4. A food transporting and heating means as defined in claim 3 wherein said stop means includes a spaced-apart pair of front and rear upright arms, said front arm being adapted to confine said food unit against continued movement with said conveyor belts and said rear arm being adapted to hold successive food units from contact with said stationary food unit.

5. A food transporting and heating means as defined in claim 4 wherein the lateral dimension of said conveyor belts is of a minimal extent being adapted to permit unimpeded slipping movement of said belts beneath a food unit held stationary by one of said stop means.

6. A food transporting and heating means as defined in claim 3 in the form of a multiple zone transit furnace.

7. An oven comprising heating means for heating at least one hermetically sealed unit of food positioned in heat-absorbing relation to said heating means, said food unit being adapted to expand in response to excessive heat absorption, cooling means for cooling said food unit when heated, and sensing means positioned to sense expansion of said food unit beyond a predetermined level, said sensing means activating said cooling means in response to expansion of said food unit beyond said predetermined level whereby the effects of excessive heat absorption by said food unit is counteracted.

8. An oven as claimed in claim 7, wherein said heating means are dielectrically heating microwave means, and said cooling means comprising at least one air dispensing means arranged to direct cool air on said food unit, said sensing means comprising at least one photocell circuit including a light source associated with the photocell and emitting a beam of light which clears said food unit unless the unit expands beyond said predetermined level and when said food unit expands beyond said predetermined level interrupts said beam whereby said cooling means is activated.

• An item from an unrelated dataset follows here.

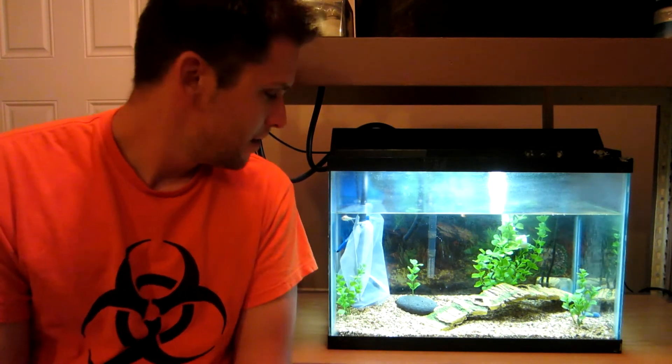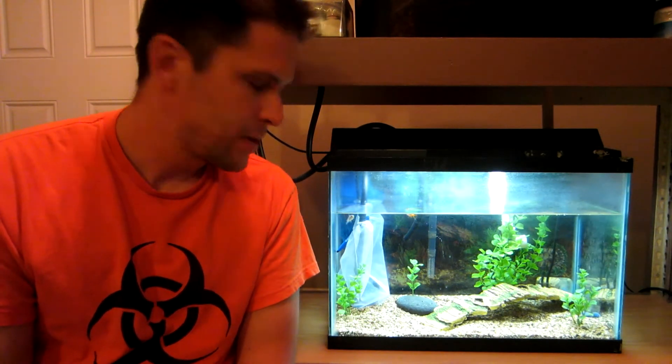They're still alive and the pH has been running at exactly 6.0 the whole time. I'm trying to bring that up — I want it to stay at about 6.5, 6.6.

9. An oven comprising plural heating means for heating one or more hermetically sealed units of food, said food units being adapted to expand in response to localized excessive heat absorption, conveyor means defining a feed path for said units of food through said oven and positioned so that said food units carried on said conveyor are in heat-absorbing relation to said heating means, plural cooling means arranged along said feed path for cooling said food units, plural sensing means, each of said sensing means being positioned to sense expansion of one of said food units beyond a predetermined level and to activate one of said cooling means positioned adjacent said food unit to cool said food unit and counteract the effect of said excessive heat absorption.

10. An oven as claimed in claim 9, wherein said plural heating means are dielectrically heating microwave means, said conveyor means is a belt conveyor passing through the oven, said plural cooling means are air dispensing means arranged along said feed path, and said plural sensing means are a series of photocells, each having an associated light source to emit beams of light at said locations, every beam being clear of the belt conveyor and of said food units unless any of said units expands beyond said predetermined level and interrupts the associated beam whereby said associated cooling means is activated.